▶ [To do] Can you transcribe the data exactly? Leave the pictures out.

▶ [Given material]

-----

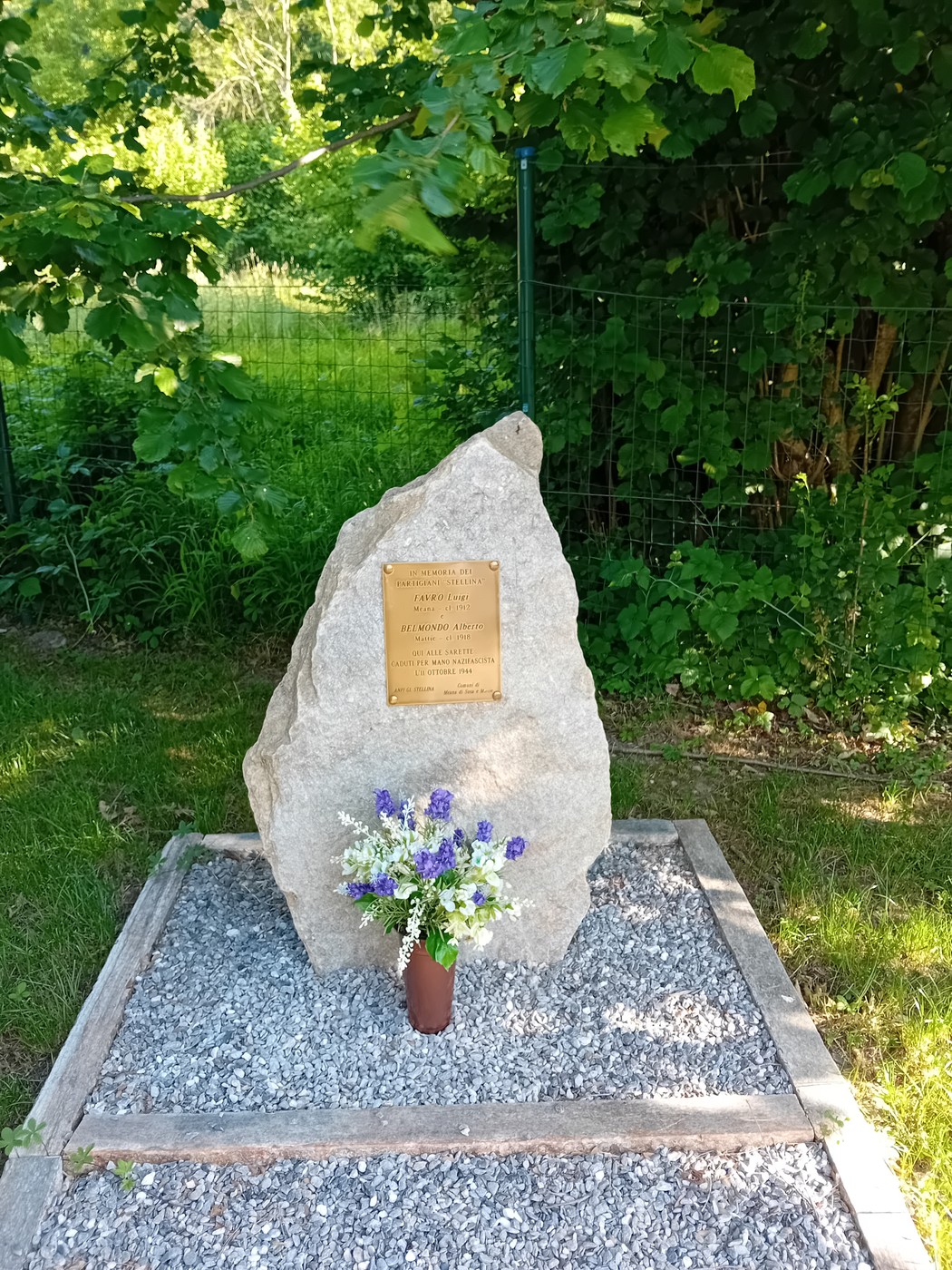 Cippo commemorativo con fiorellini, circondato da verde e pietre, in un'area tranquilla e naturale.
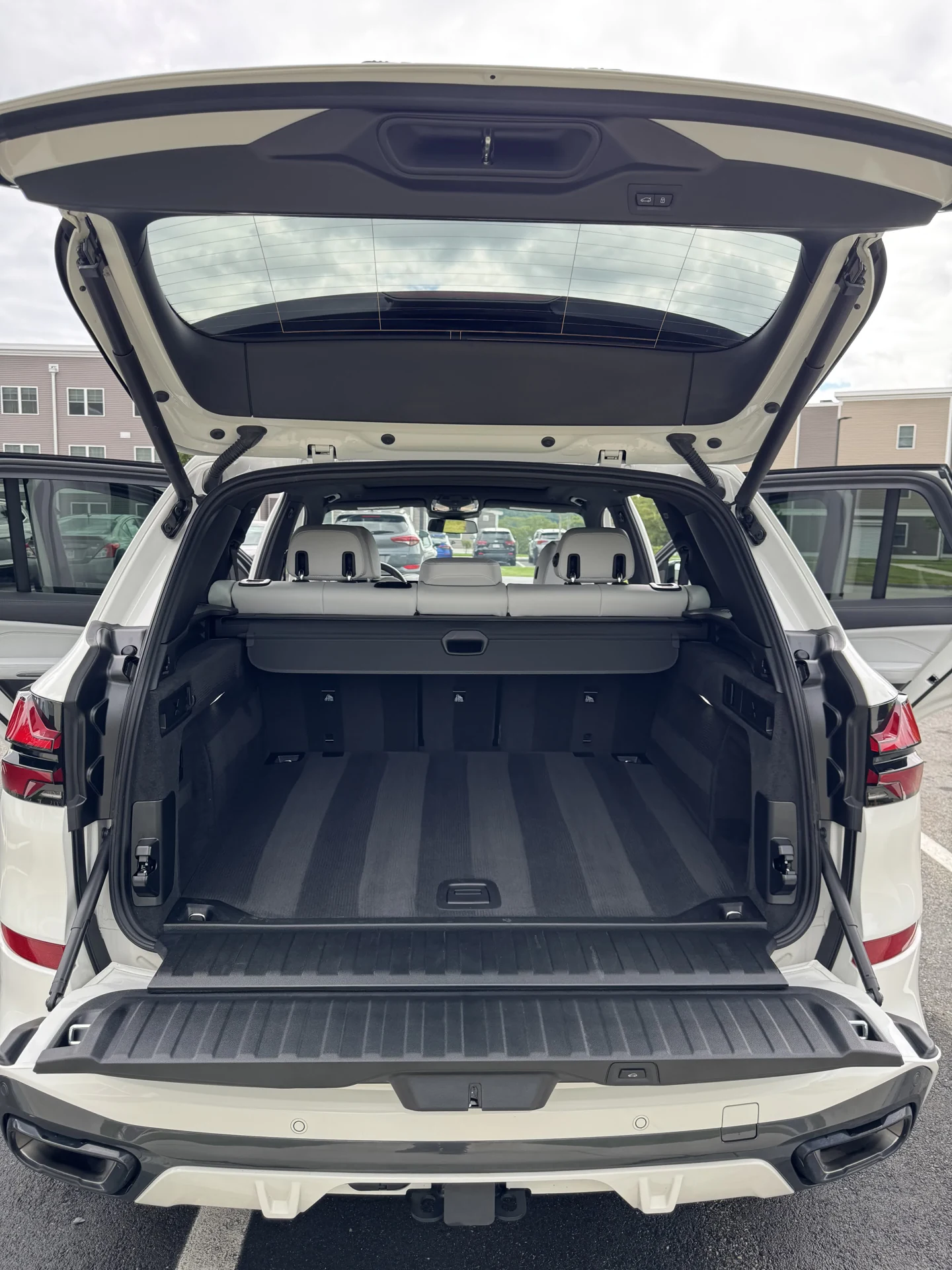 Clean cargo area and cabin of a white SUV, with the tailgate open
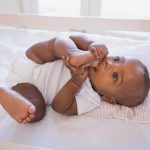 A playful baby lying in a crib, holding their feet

-----

▶ [Task output]
 Cippo commemorativo con fiorellini, circondato da verde e pietre, in un'area tranquilla e naturale.
 Clean cargo area and cabin of a white SUV, with the tailgate open
 A playful baby lying in a crib, holding their feet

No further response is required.